Halls may strike some Eugeneans as a rather lofty fellow with an English accent, but, if so, they're missing his essential qualities. Not only does he understand Bach, he doesn't hide his true humbleness before Bach's incomprehensible genius. He said so at the lecture with heart on sleeve. I believed him.
Rilling can serve up Bach with elegance and meat and potatoes. It is perhaps this wonderful combination of high mindedness and earthiness that makes him such a powerful and lovable figure in Eugene. Halls' personality isn't exactly earthy, though he finds all kinds of deep soil in music. He's elegant, certainly, but also deeply lyrical and poetic, important qualities for performing the most earthy of music.

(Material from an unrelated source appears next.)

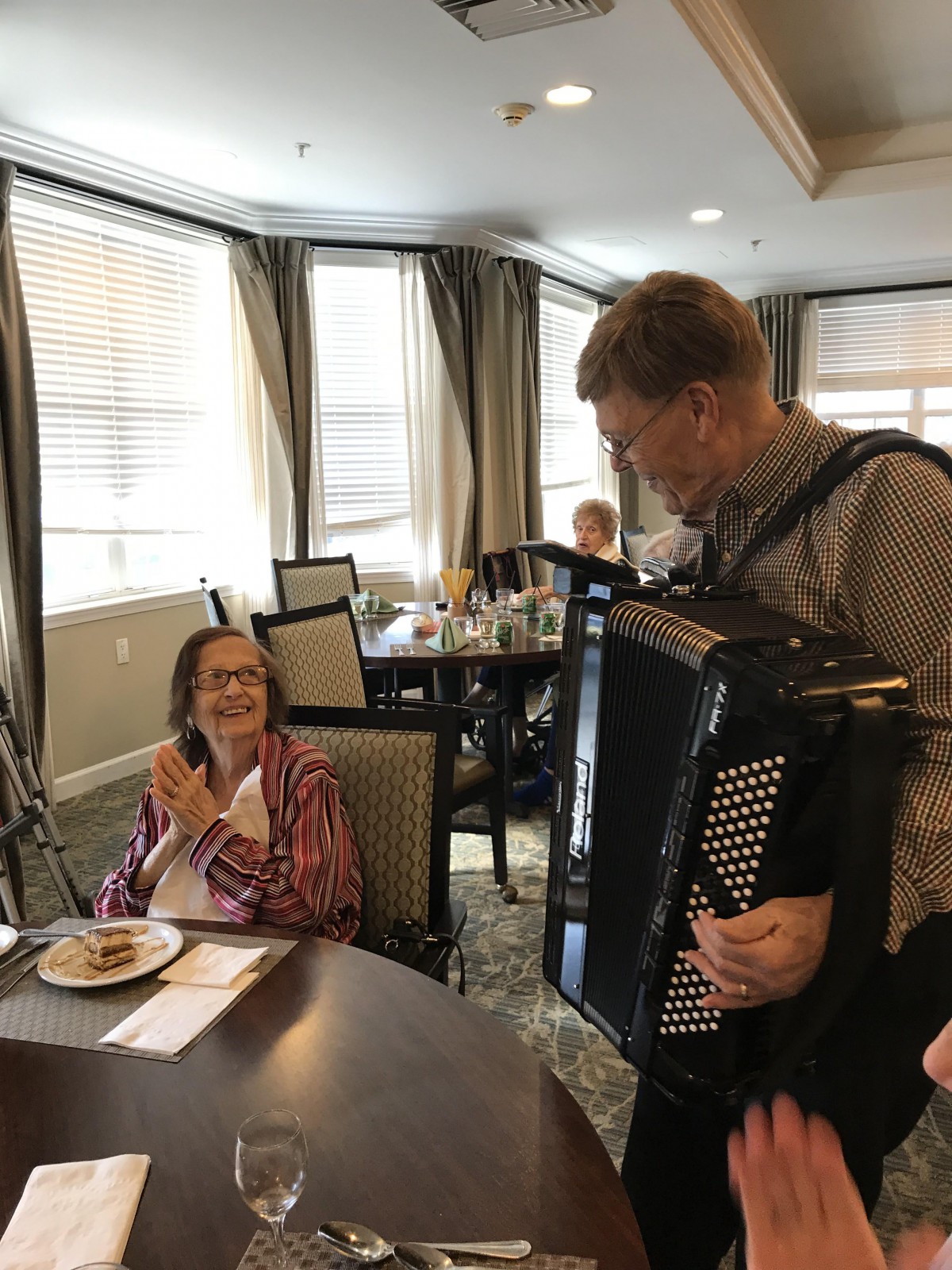 A musician plays the accordion for an elderly woman in a dining room setting.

I have written before that a failure of this festival has been the absence of music from the epoch before Bach. Where are Pérotin, Dunstable and Josquin ? Where are Machaut and Tallis ? Where is the great musical arc that led to Bach, he the mightiest of all figures in Western Music's thousand- year run, positioned at the midpoint and even outside history, striding past and present ? And where is the rich cultural/historical lineage that included the Harmony of the Spheres, the sacred counting of the cosmos in which the heavens were a model polyphony, harmony and counterpoint, the essential became the spectacular tools for the West's music, sacred and profane ?
I suspect that Matthew Halls might bring more of that history to the Oregon Bach Festival, finally connecting Bach to the full mainstream of time.